▶ [PROVIDED MATERIAL]:
# # #

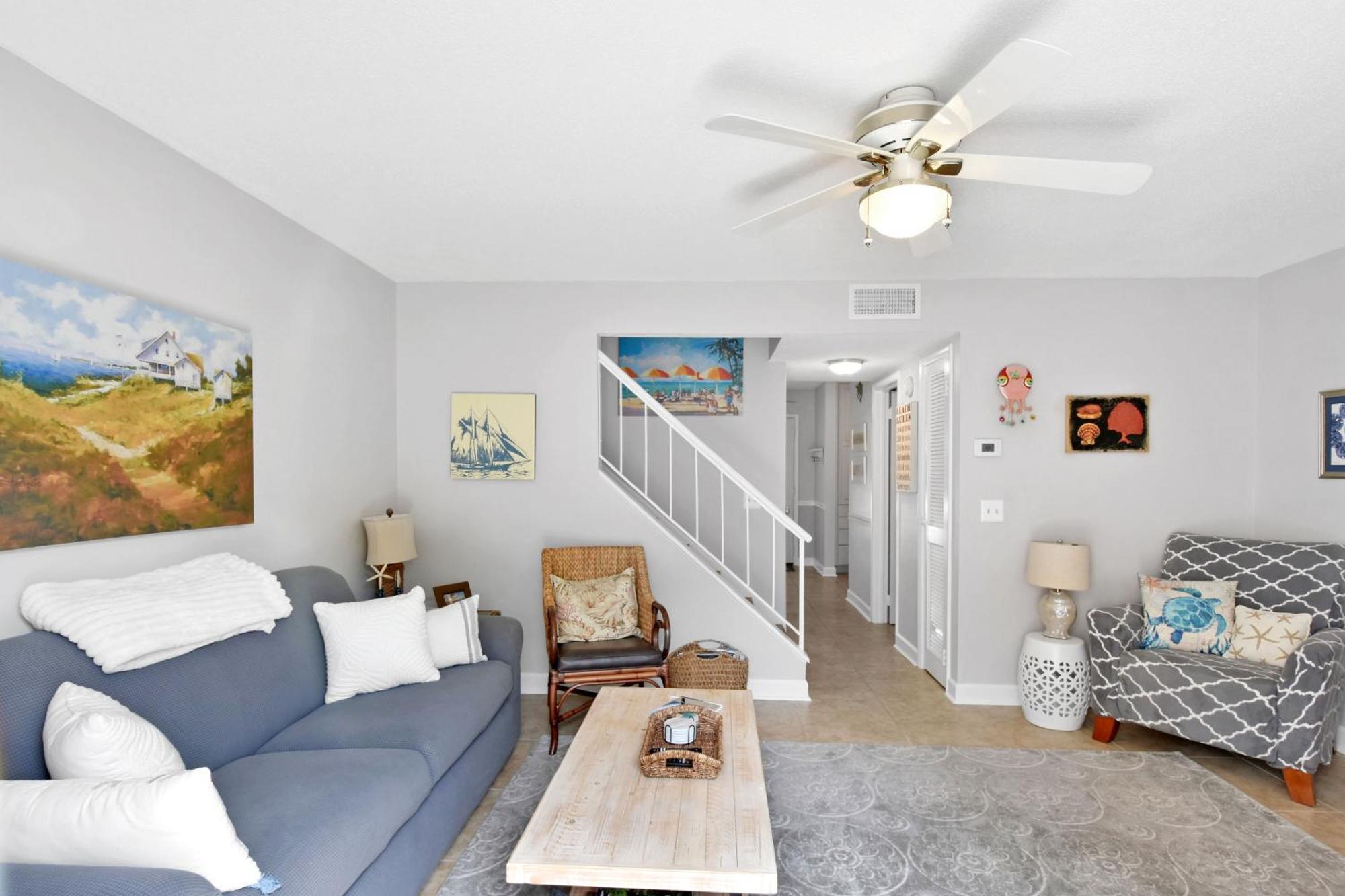 Turtle Cove- 2 Bedroom 1 And A Half Bathrooms St. Simons Island Екстер'єр фото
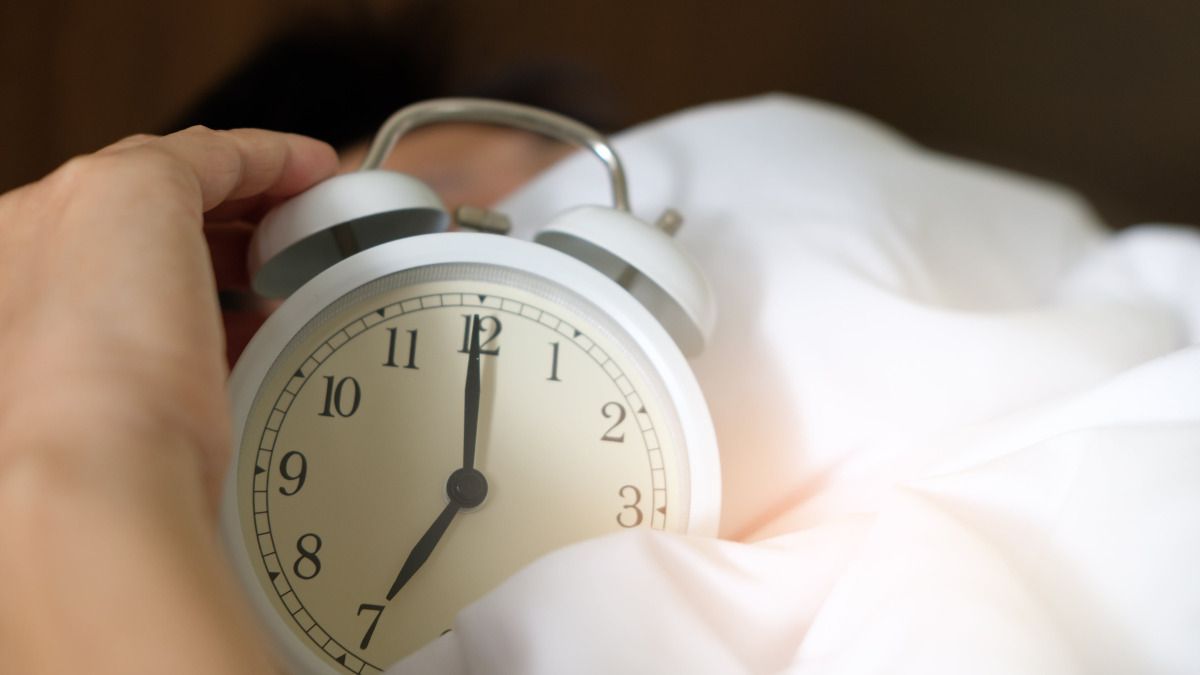 Se revela el secreto militar para quedarse dormido en tan solo dos minutos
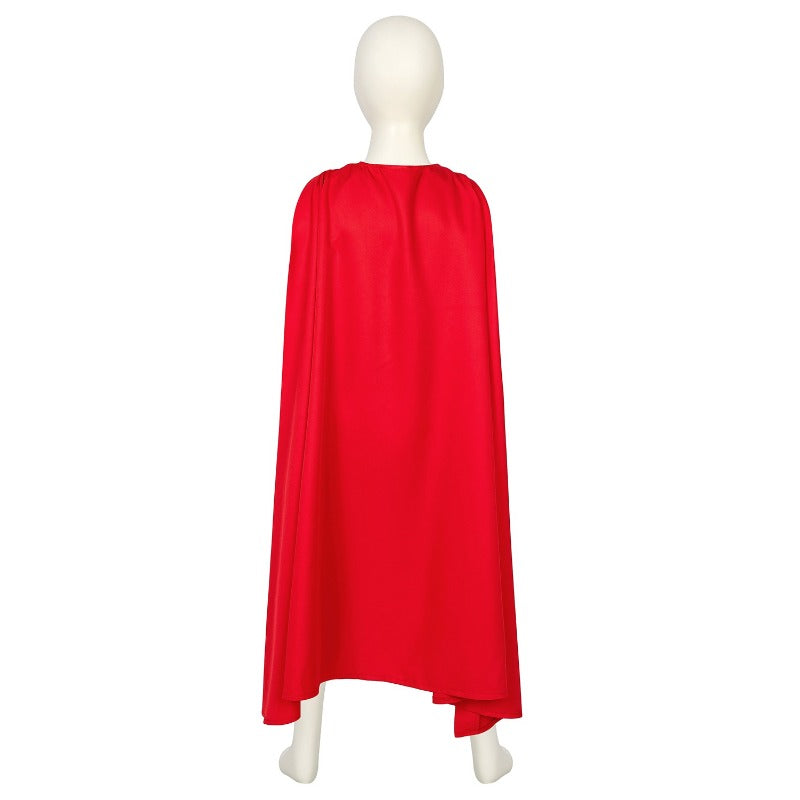 Halloweez Superman Kal-El Clark Kent Kids Cosplay Costume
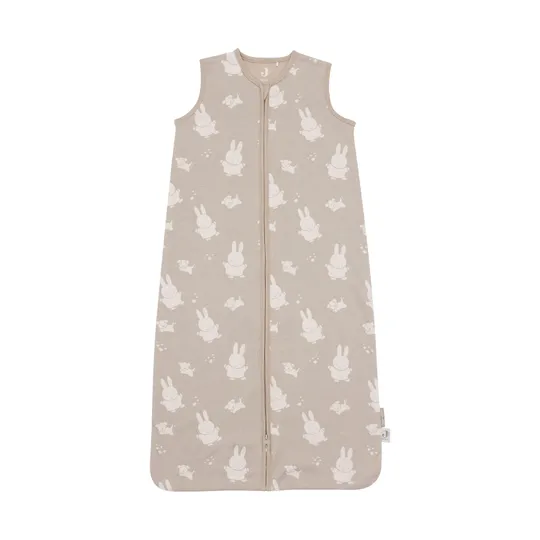 Jollein Slaapzak Zomer Jersey Miffy & Snuffy Olive Green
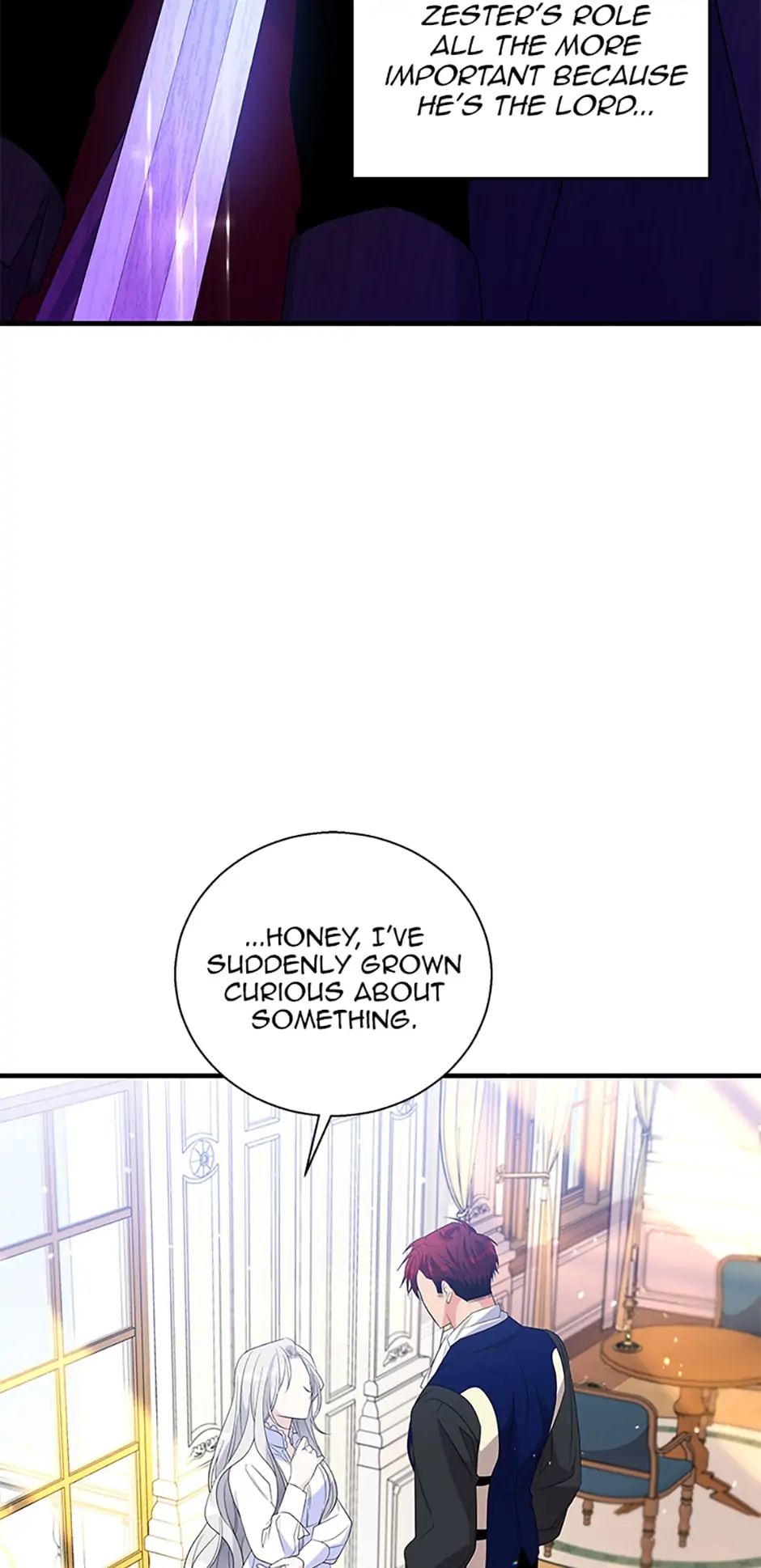 Baroness Goes on Strike [Mature](Official) - Chapter 54 : Axios Arrives (Season 1 Finale) manhwa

# # #

▶ [WHAT THE TASK ASKS]: For this exercise, transcribe exactly only the lines from the one containing "Jollein Slaapzak Zomer" through the end of the listing, inclusive, without the pictures.

▶ [COMPLETED EXERCISE]:
 Jollein Slaapzak Zomer Jersey Miffy & Snuffy Olive Green
 Baroness Goes on Strike [Mature](Official) - Chapter 54 : Axios Arrives (Season 1 Finale) manhwa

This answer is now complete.